Glee! What a phenomenal show! Who knew?

They take music from different eras and re-make it into wonderful renditions – sometimes much better than the original artist created. Regardless of the rendition, there is magic in the music. When you hear the tune, the music has the capacity to transport you across time and space to a particular place frozen in time at one particular moment.

It is amazing how much detail you can remember from one event when you hear a few strains of music from a particular song, or piece. You can recall such intimate details as if it happened just yesterday. Details, such as who you were with, where you were going, what you were doing, the temperature outside, the aromas in the air. It is like the music is a time machine.

For instance, every time I hear Crosby, Stills, Nash, and Young singing “Our House” on the radio, the song transports me back in time and across space to a particular day in January 1971 on Waters Avenue in Tampa.  I am driving my Mom’s car to school and it is cold outside.  The heater is going, the windows are all the way up, and I am going too fast, as all high school kids tend to do.

Because it is cold, the windows are up, and the radio is going full blast with the strains of “Our House” filling the small confines of the car, the music sounds really, really good.

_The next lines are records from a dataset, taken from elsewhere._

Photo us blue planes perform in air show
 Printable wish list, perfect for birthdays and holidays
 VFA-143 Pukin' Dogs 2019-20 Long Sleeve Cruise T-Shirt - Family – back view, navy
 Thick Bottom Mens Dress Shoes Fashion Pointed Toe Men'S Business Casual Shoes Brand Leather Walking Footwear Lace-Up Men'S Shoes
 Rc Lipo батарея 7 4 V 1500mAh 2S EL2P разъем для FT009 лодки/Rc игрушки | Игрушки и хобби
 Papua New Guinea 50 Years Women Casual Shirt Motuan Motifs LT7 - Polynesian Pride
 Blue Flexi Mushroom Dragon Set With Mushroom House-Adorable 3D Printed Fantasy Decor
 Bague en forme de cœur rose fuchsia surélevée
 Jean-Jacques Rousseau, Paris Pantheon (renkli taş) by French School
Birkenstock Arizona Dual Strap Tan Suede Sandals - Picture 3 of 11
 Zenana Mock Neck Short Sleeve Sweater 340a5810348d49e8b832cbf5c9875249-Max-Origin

And because it is cold, and the windows are up, and the radio is going full blast I don’t hear the train’s horn.

I also don’t see it until the last moment because of the bushes along the track blocking the view of the tracks.

This is not good. 

At the last moment, I slam on the brakes, lock up the tires, and go sideways on the road, just as the train reaches the crossing. The car stops, literally less than four inches from the moving train. I look up and see the engineer.  He is holding the cable, sounding the horn.  We lock eyes. I see the look on his face – it says, “Stupid kid!  You were lucky this time…” Now I hear the horn just fine.

I wonder how many times he has worried about hitting some car at a crossing.  Something tells me it would not be a pleasant event.  Maybe I don’t want to be a train engineer after I grow up after all.

I made it to school, shaken, but alive.  A little wiser, too.  To this day, I always look before crossing railroads.  Or any other intersections for that matter.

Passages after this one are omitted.